Une question me vient à l’esprit : puisqu’il existe un Centre National du Livre qui injecte des thunes pour de la belle ponésie qui fouette, à quand un Centre National de l’Aquarelle ou, mieux encore, une Haute Autorité du Coloriage par Numéro ? On imaginerait ensuite sans mal les cérémonies officielles récompensant (par la Légion d’Honneur, au moins) les Aquarellistes Officiels de la République, ou la Garde Républicaine des Numérocolorieur…
Et pendant que le Livre vit, à en croire nos poètes sous absinthe en overdose de subventions, ses dernières heures (forcément sombres), on assiste au tsunami de larmes d’un autre groupe maltraité par les institutions publiques : cette fois, il s’agit des personnels dits précaires, dans la recherche et l’enseignement supérieur.
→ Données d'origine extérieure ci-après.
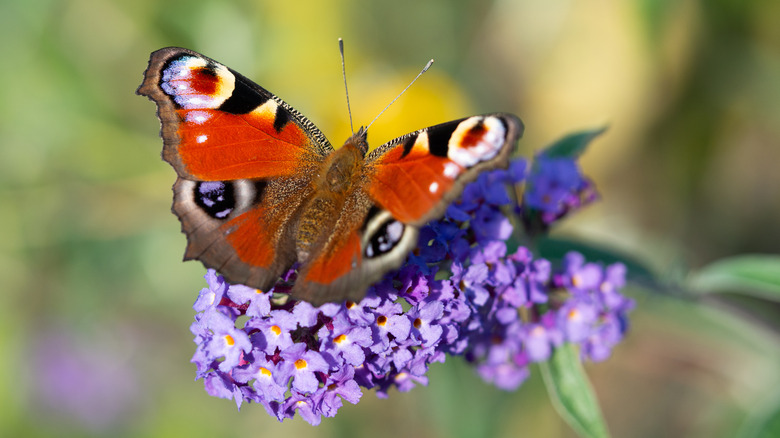 are butterfly bushes poisonous to dogs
À nouveau, l’originalité de la démarche frappe de plein fouet avec une Lettre Ouverte d’un collectif de précaires et d’associations syndicales, qui sont montés au créneau avec une belle synchronisation sur le calendrier républicain puisqu’ils auront attendu que le nouveau gouvernement soit fraîchement nommé.
Quel est le problème qui provoque ces vagues de tristesse humide et salée ?
En version syndicale, on obtient ceci : les institutions de recherche et d’enseignement supérieur emploient des gens (chercheurs, ingénieurs, etc…) en leur faisant enfiler CDD (contrats à durée déterminée) sur CDD. C’est vilain. Vite, faisons une loi qui impose qu’après plusieurs CDD, le contrat suivant sera à durée indéterminée (CDI) ! Ce sera la Loi Sauvadet, votée en mars dernier. Manque de bol, les institutions s’adaptent à la nouvelle donne (salauds de capitalistes… de … salauds !) et virent maintenant les gens avant la barre fatidique, imposée par la loi, de 6 ans en CDD pour s’éviter un CDI qui rend la masse salariale d’un coup moins flexible. Et quand les gens ne sont pas virés, ils sont déplacés d’une institution à l’autre, ce qui remet le compteur à zéro. Conclusion : il faut faire une nouvelle loi, par exemple en autorisant le cumul des anciennetés d’une institution à l’autre.
Don’t you see a pattern, here ?
En réalité, on se rend compte que si les institutions ne faisaient pas de CDI en premier lieu, c’est essentiellement parce que tout nouveau CDI vient en concurrence d’un poste de titulaire et que le budget correspondant doit être récupéré, tous les ans, auprès d’une Agence Nationale de la Recherche qui est plutôt réticente au principe. Exit le CDI et ses lourdeurs, reste le CDD. Le fait d’imposer une transformation du CDD en CDI après un certain nombre d’années ne résout en rien le problème initial. Et le fait de modifier la façon dont on va compter cette ancienneté non plus.
Il eut été plus simple de réclamer une vraie souplesse d’embauche et de fin de contrat dans le domaine de la recherche qui marche encore un peu grâce au mérite. Mais non : en pratique, entre les syndicats qui veulent un bon gros plan de création de postes de fonctionnaires par paquets de mille, et les associations diverses et variées qui réclament entre autre l’abrogation de la loi et la contractualisation ou la titularisation rapide et réconfortante d’un maximum de monde, on comprend qu’il s’agit encore d’ouvrir le robinet à argent gratuit.
Oui, vraiment, pas de doute : on sent que c’est la gauche qui vient d’arriver et quelques groupes ont déjà compris qu’il ne faut pas traîner à réclamer sa part de la gamelle, tant le nombre d’affamés va grossir, notamment après les vacances.